„In der vorliegenden Anthologie geht es um genau diese Art von Konfliktmomenten; um Momente, in denen die Anwesenden eine diametrale Sicht auf die Ereignisse haben; um Momente, die, nimmt man die englische Redewendung ganz wörtlich, im Nachhinein von ihm tatsächlich ganz anders erzählt werden als von ihr.“ (Seite 7)
Sagte sie enthält 17 Erzählungen, die sich um Angst, Scham, Wut und Schuld drehen. Angst davor, demjenigen, der Grenzen überschreitet, vor den Kopf zu stoßen. Scham wegen des Nicht-Handeln, wegen einer scheinbaren Akzeptanz des Geschehens. Wut auf sich selbst und auf den anderen, der nicht merkt, was man nicht in Worte fassen kann oder will. Schuld daran, dass man zur falschen Zeit am falschen Ort war, anscheinend nicht vorsichtig genug gewesen ist.
Die 17 Autorinnen erzählen von der alltäglichen Ungleichheit und Ungerechtigkeit, die viele Frauen erleben, thematisieren Vergewaltigungen und Nötigungen. Dabei sind die Schilderungen der Übergriffe und der Gewalt oft sehr explizit und teilweise schwer zu verdauen. Zu keiner Zeit hatte ich jedoch den Eindruck, dass diese Explizitheit unangebracht war, vielmehr machen die detaillierten Beschreibungen deutlich, was die genauen Umstände waren und was dies genau für Folgen hatte.
In Anthologien ist es oft so, dass mir nicht alle Geschichten gleich gut gefallen. Das halte ich für normal, und so ist es auch bei Sagte sie. Ich fand die ersten Geschichten des Bandes sehr stark, und auch die letzte Erzählung sehr gut. Diese Texte wurden sehr stringent erzählt, meisterhaft geschrieben und wühlen sehr auf. Dazwischen gab es allerdings einige Erzählungen, die mich kaum oder gar nicht fesseln konnten und die mir insgesamt weniger gut gefallen haben.

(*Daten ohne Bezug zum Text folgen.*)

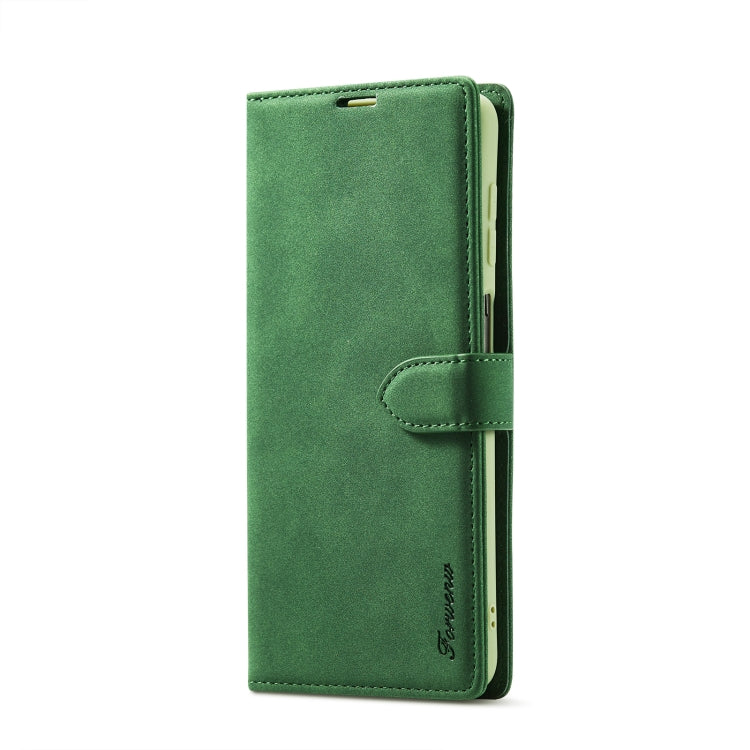 For Samsung Galaxy A12 Forwenw F1 Series Matte Strong Magnetism Horizontal Flip Leather Case with Holder & Card Slots & Wallet & Photo Frame(Green) - Galaxy Phone Cases by Forwenw | Online Shopping UK | buy2fix
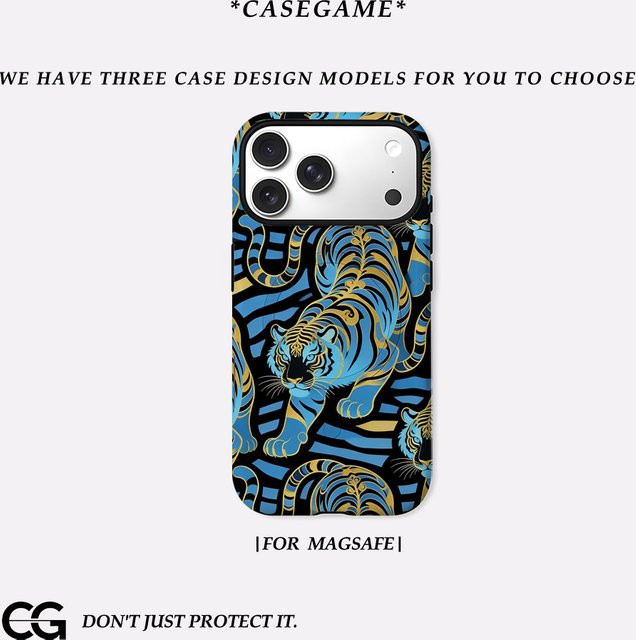 Casegame Matte Bumper Schutzhülle mit MagSafe für iPhone 17 16 15 14 13 Pro Max, Stoßfeste PC Hülle, Blau-Gold Tiger - Bild 1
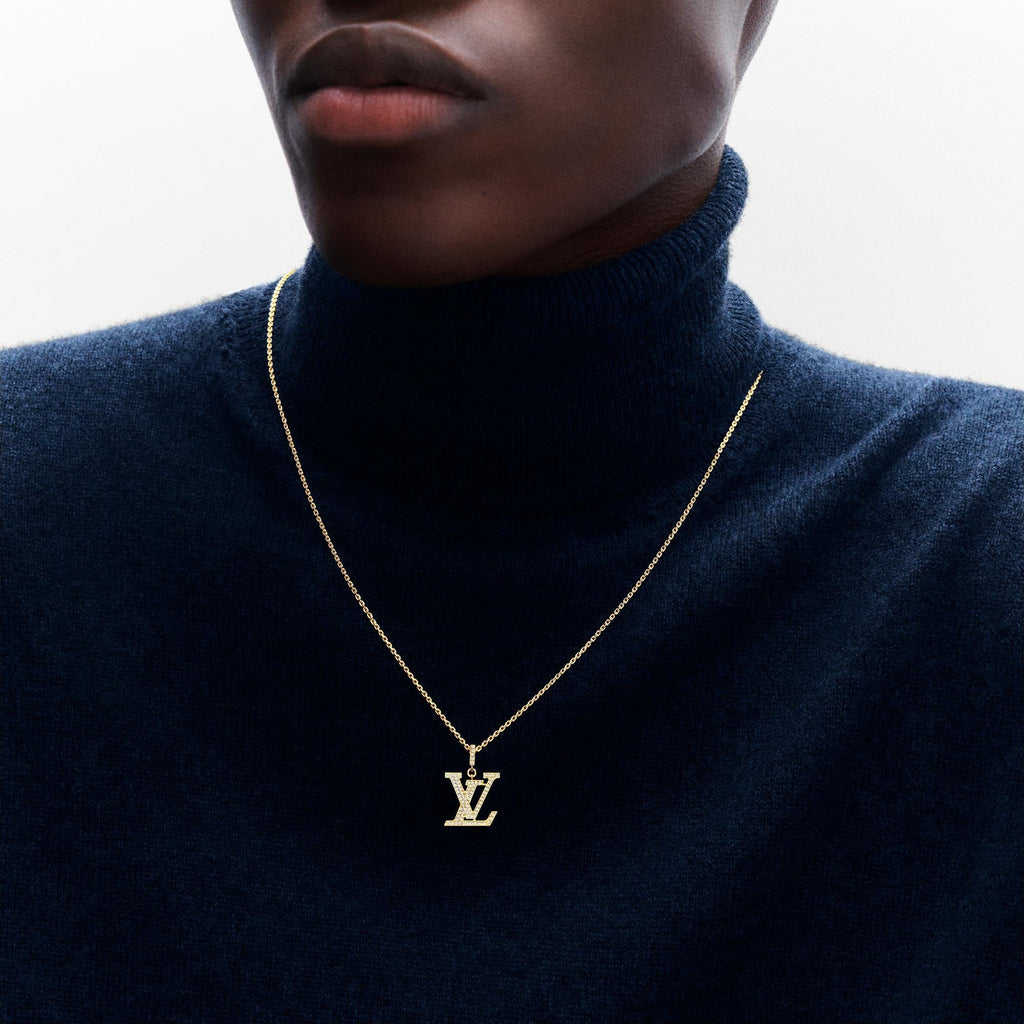 LV Medium Pendant, Yellow Gold And Diamonds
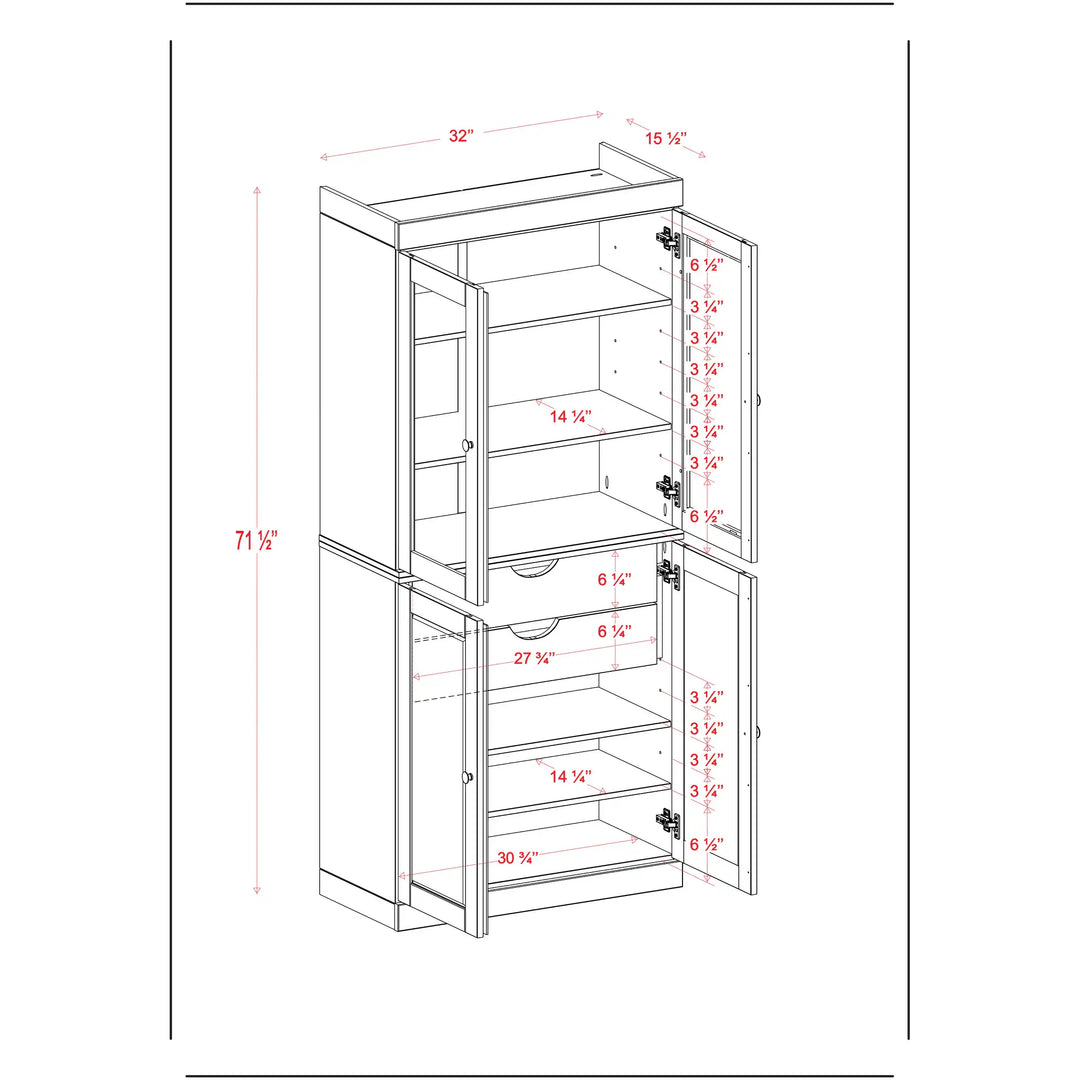 100% Solid Wood Pantry Cabinet, Shaker & Clear Glass Doors, 2 Drawers, Adjustable Shelves, 32" Wide, 71.5" Tall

Alles in allem kann und möchte ich das Buch jedoch empfehlen, da es wichtig ist, über sexuelle Gewalt, Nötigung und Ungleichheit zu sprechen, zu hören, zu lesen und zu schreiben.
Lina Muzur (Hrsg.): Sagte sie. 17 Erzählungen über Sex und Macht. Hanser Berlin, 2018, 224 Seiten; 20 Euro.
Dieser Post ist Teil meines Monatsthemas „Sex und Gewalt“ im Dezember 2020.